I had heard him coming before I saw him. Huffing and puffing, rhythmically out of breath and out of sight, but nearing me as he ran to the top of the ridge. It was hard to tell what kind of runner he was, as his breathing provided no clue. The trail was so steep that his slow speed presented his silhouette like a rapid sunrise against the ridge line. First his head, ear buds included, then his shirtless, Bruce Lee looking upper body, giving way to his lower body.
Today was the first day where temperatures hit 70 degrees, so I was fully expecting to see him in shorts, but no. This mountain man was running in full length Carhartt trousers, and he was moving.
I gestured "peace", he gestured "hang loose", and we were both off in opposite directions. As I finished my loop, so to was Mark, as we passed one another again - "peace, hang loose".

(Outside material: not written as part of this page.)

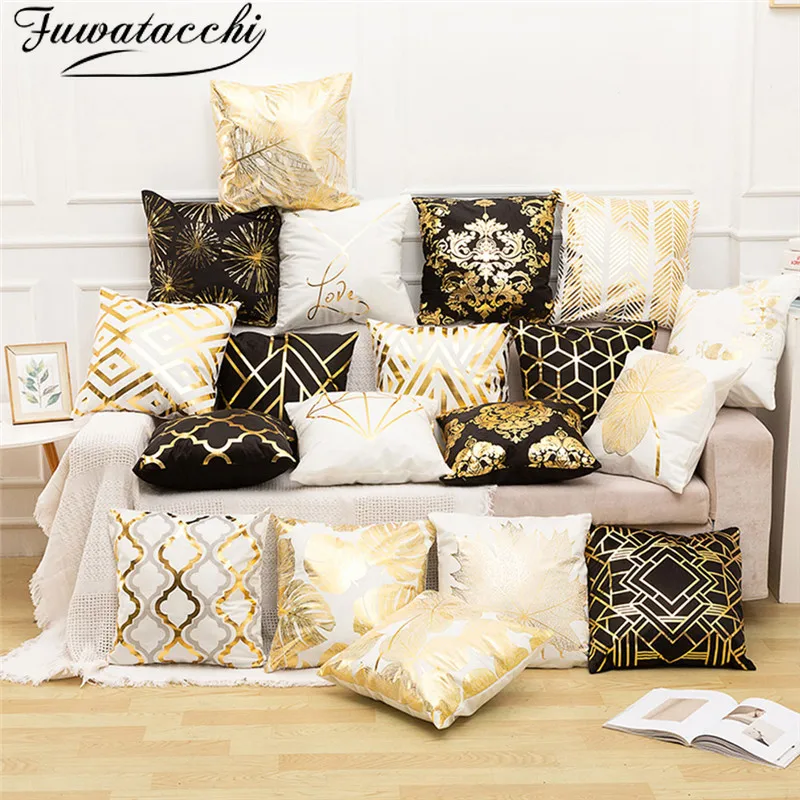Fuwatacchi Black Gold Foil Linen Cushion Cover Leaf Flowers Diamond Pillow Cover for Home Chair Sofa Decorative Pillows 45*45cm
Fuwatacchi Black Gold Foil Linen Cushion Cover Leaf Flowers Diamond Pillow Cover for Home Chair Sofa Decorative Pillows 45*45cm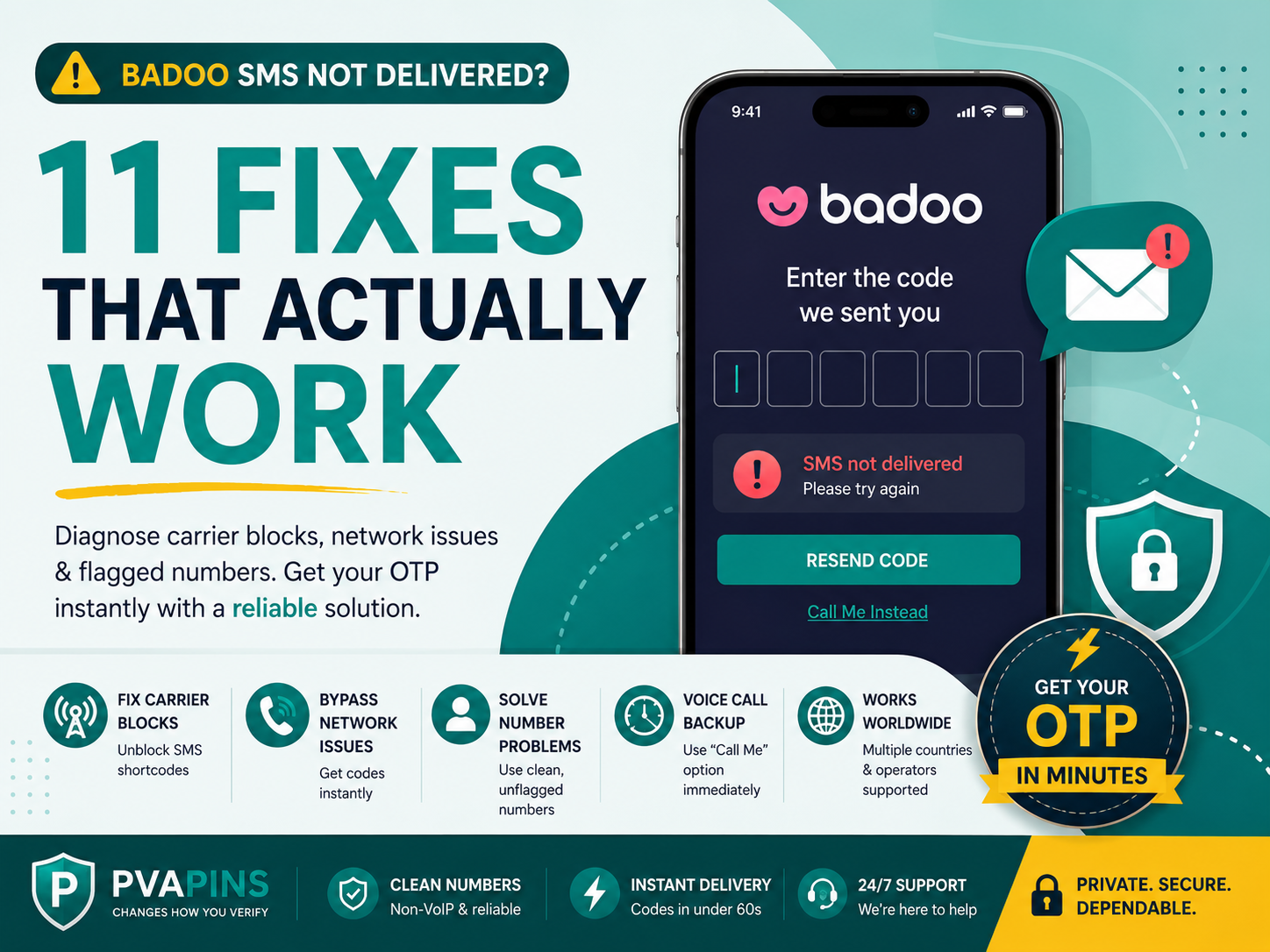 Badoo SMS Not Delivered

Seeing Mark in his Carhartt's got me thinking how sometimes we get so caught up in "being a runner" and that camouflages what pure running is all about. Here was a guy out killing it, running and training for the pure sake of doing what he needed to do. It reminds me of Silvino, one of the Tarahumara runners we ran with in the Copper Canyon. Silvino marched to his own drum, always in back, wearing his jeans while all the other indians were in their native loin cloth skirts.
Who is Mark? Mark is a mountaineer. Mountaineers are some of the best runners you have never heard of. In fact, back in 2012, super stud, Killian Jornet came to Jackson to run the Grand Teton, breaking the Fastest Known Time record. One week later, a local climbing guide laced them up and broke Killian's record.
Mark, I am sure will be back at it tomorrow, doing loops and ascents all over the Snow King trails in prep for his next adventure. And maybe one day I might just see him in shorts, but then again, maybe I should try Carhartts.